Athena left Alan and Marshall alone at the cafeteria table.
“That would’ve been good to know about Athena,” Alan lectured Marshall. “I mean what if…”
“Kid… Alan, if Athena wanted to know something about you, she’d figure out how to get it. But she doesn’t care. So don’t worry about it. I would’ve told you if it had crossed my mind. Enjoy your dinner.”
Marshall got up and left the cafeteria, leaving Alan alone to ponder his slop.
After dinner, Alan took a walk around the complex, seeing how people kept their rooms. Nothing seemed different from his own stark room. A few people had colorful curtains instead of the drab gray ones that were in his room, but everything else seemed the same. He saw a few guys standing around in one of the doorways, mostly a few guys from the Magnets group. They gave Alan rude glares, and he guessed they had been friends with Nick. They dispersed and Alan saw that it had been Nick’s room they were standing around.

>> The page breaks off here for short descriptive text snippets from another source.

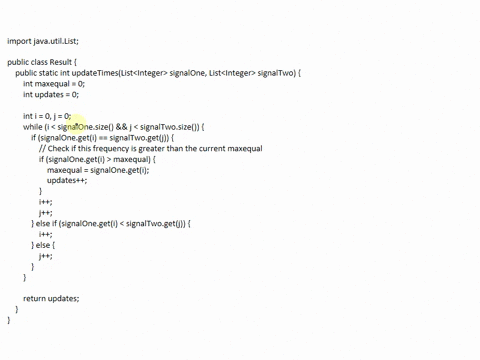 java-1h-5m-left-two-signals-are-being-generated-as-part-of-a-simulationa-program-monitors-the-signals-whenever-the-two-signals-become-equal-at-the-same-time-the-frequency-is-noted-if-this-fr-24752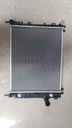 Radiador para Dodge Durango 2000 al 2003 / Dakota 2000 al 2004 4.7L / 5.2L / 5.9L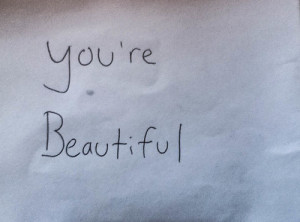 Smile Cute Happy Text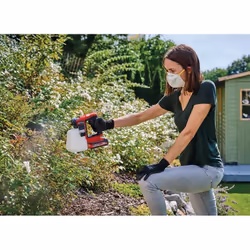 Einhell GE-WS 18/10 Li-Solo Pulvérisateur de jardin à main 1 L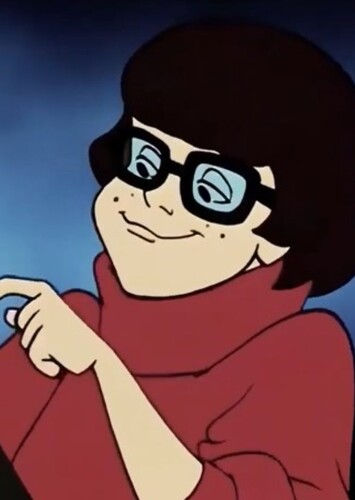 Velma Dinkley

Alan stood in front of Nick’s room, somehow hoping he would just appear in the doorway and punch Alan’s lights out. But the doorway was empty. The door was opened, and the room had been stripped of any sense of living. The bathroom light was on, and all Alan could see was a mattress without its sheets. It was as naked as his heart felt. Back home when he ran his mouth or took a joke too far, he’d get popped in the face and that would be it. Now, Alan was responsible for a man being locked up. Well, more locked up than he already was.
Alan felt like he was fourteen again, waiting for his parents to come home from a date. But this time they weren’t coming home. In fact, they weren’t coming back, and they had abandoned Alan in this purgatory between the real world and death.

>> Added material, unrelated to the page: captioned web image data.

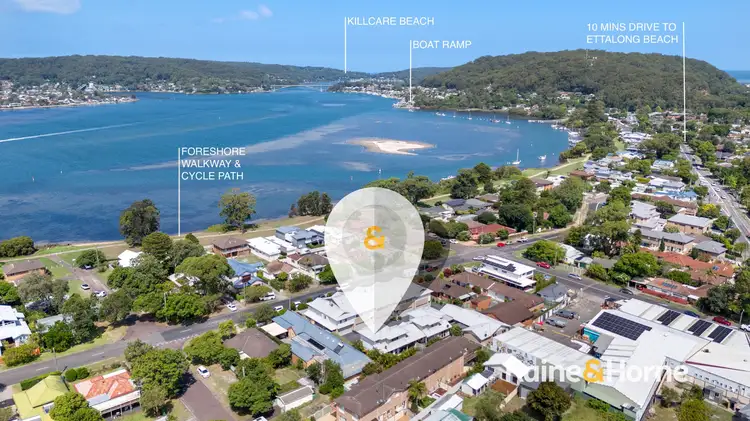 8/243-247 Burge Road, Woy Woy NSW 2256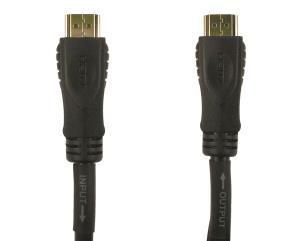 30m Active  HDMI cable - 4K thumbnail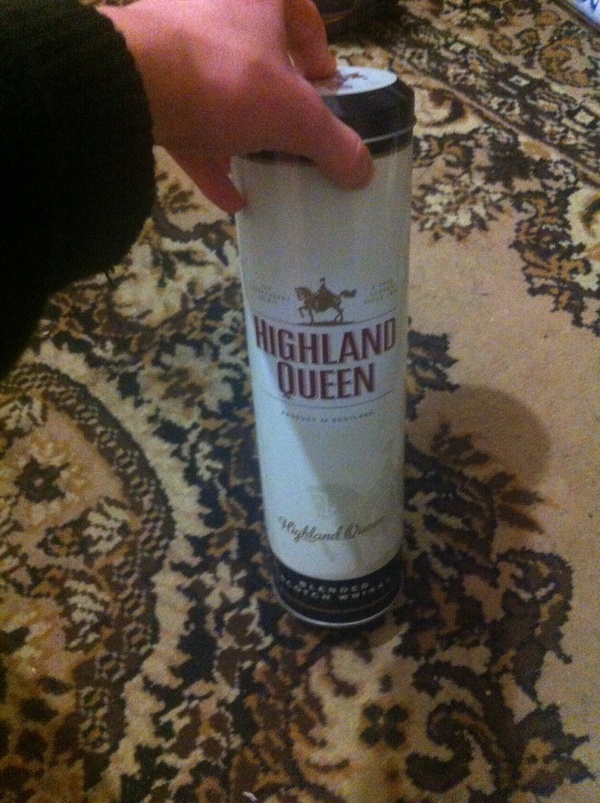     , , Highland Queen, , 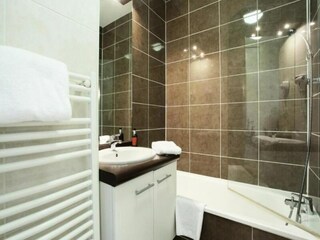 Apartamento Lyon  15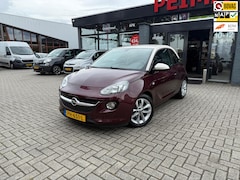 Opel ADAM - 1.0 Turbo Jam Favourite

Alan didn’t realize he had garnered Marshall’s attention, who was walking back to his room that evening. Marshall could tell something was bothering Alan, and he knew what it was.

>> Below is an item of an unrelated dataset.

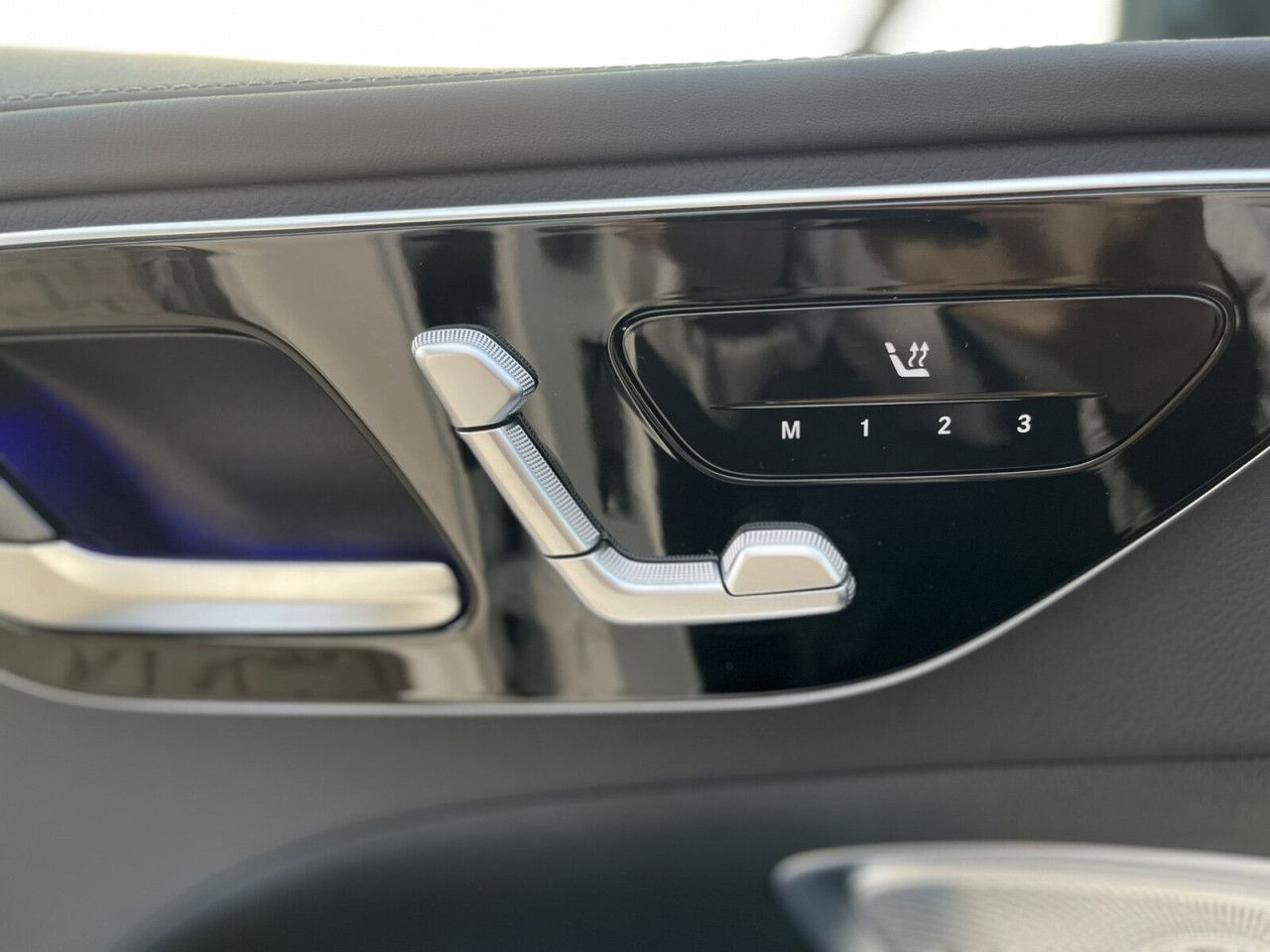 Mercedes-Benz C-Klasse – Bild 16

“Kid, if you didn’t show up to work today. Heck, if you never showed up to our camp ever, someone would’ve set Nick off; and he’d be seeing the Board anyway. Did you stop to wonder how he got the first two strikes? Sometimes you can’t stop people from doing what they want to do, and sometimes what they want to do is be self-righteous, or angry, or in charge. And you can’t fix people if they don’t want to be fixed. Nick Bradford had his issues long before you messed with his beam.
“Don’t think about how you can control his situation. You don’t owe him the patience. I can’t count how many times I tried to help Nick; kept him from getting caught, tried to work with him on his temper. He never wanted to get right. He got comfortable being a jerk, and he didn’t feel like changing. Now, I don’t know where he’s gone, but if they just moved him to a new camp; it’ll be the same there. If he’s not… well, if he’s not, then that’s on him. He knows the world we live in. You didn’t send Nick away, kid. That’s just how things are here, and Nick knew that already, and he still chose his path. Now, go to bed before lights out. You already have one strike.”